The development of manganite-based materials for thermoelectric power generation

Abstract

CaMnO3 is one of the promising n-type thermoelectric (TE) materials for power generation applications due to its superior TE properties and stability at high temperature. Nevertheless, efficiency is still the major limiting factor for its common use. It is essential to understand the mechanisms associated with carrier and phonon transports for further enhancing the TE properties of this material. The main focus in this dissertation was to improve the TE properties of CaMnO3 by optimizing microstructure using different synthesis techniques and doping technology. It was found that the microstructure have remarkable influence on the electrical properties and thermal transport properties. The relative density of the sample was identified to be 86 (±3)% to achieve the high TE performance irrespective of their synthesis technique (solid state reaction, coprecipitation). The experimental results may provide a guideline for the variation in performance of this material system under different processing.
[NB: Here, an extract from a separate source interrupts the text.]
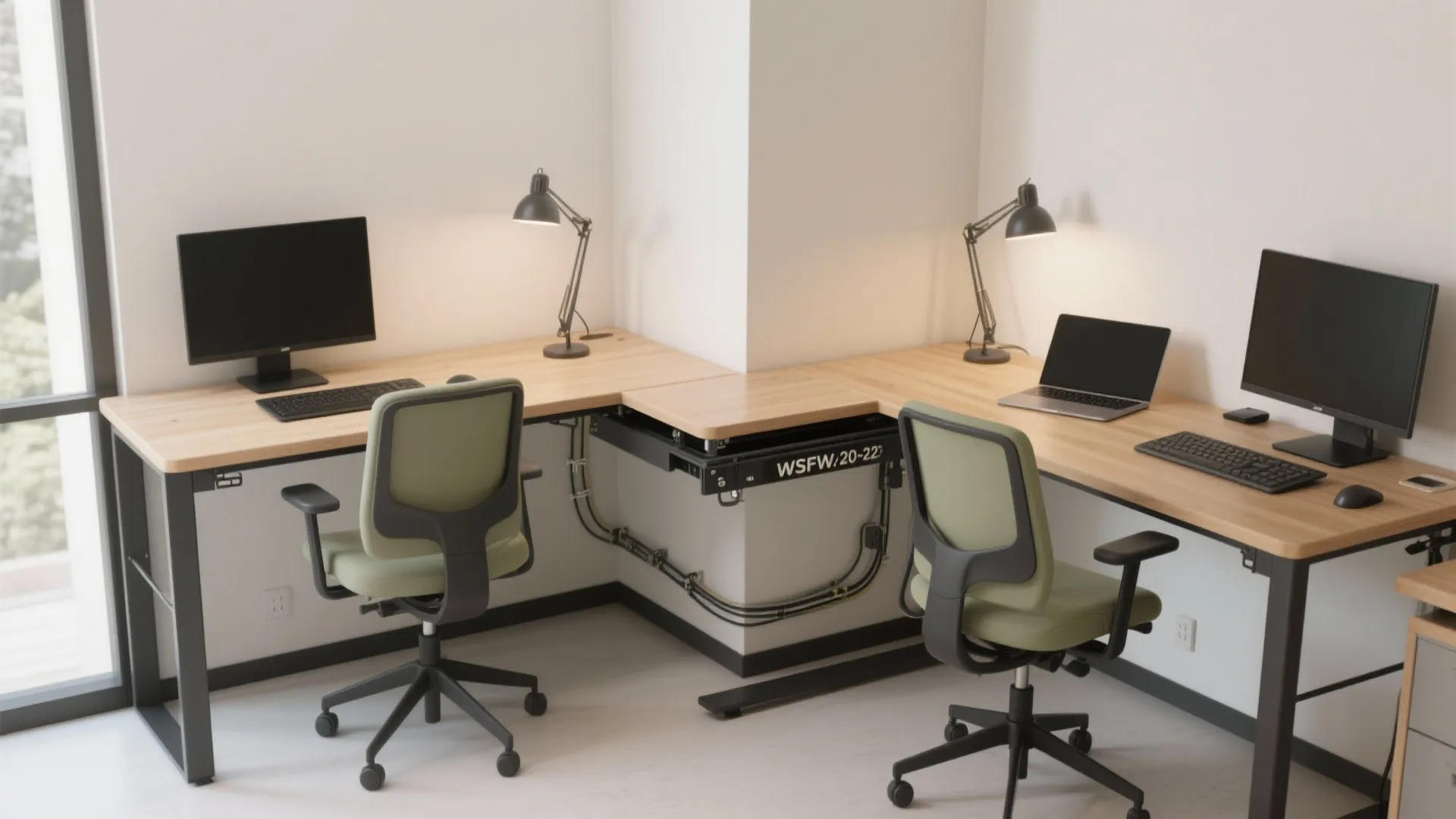 L-shaped desks that share and scale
In addition, it was found that doping in either Ca or Mn site with higher valence elements increases the carrier concentration, leading to the reduction of electrical resistivity ρ and Seebeck coefficient S. Furthermore, doping decreased the thermal conductivity κ of CaMnO3 up to a critical doping level, which is believed to associate with the decrease of phonon mean path and doping-induced MnO6 octahedral distortion. It was found that distortion mainly affects the equatorial bonds in the a-c plane in manganite system. Substitution of Bi was found to be effective to reduce κ due to its large mass difference with Ca. Doping in both Ca and Mn site was also studied and found that the appropriate doping element and doping concentration are the determining factors to obtain positive influence from the codoping technology. Bi was found as an effective substituent for a critical doping content (x=0.03) which simultaneously provides the high power factor (4.67×10-4 W m-1 K-2 at 423 K) and low κ (1.4 W m-1 K-1 at 973 K). These led to obtain maximum ZT value ~0.25 at 973 K for Ca0.97Bi0.03MnO3, which is three times larger than that for undoped CaMnO3.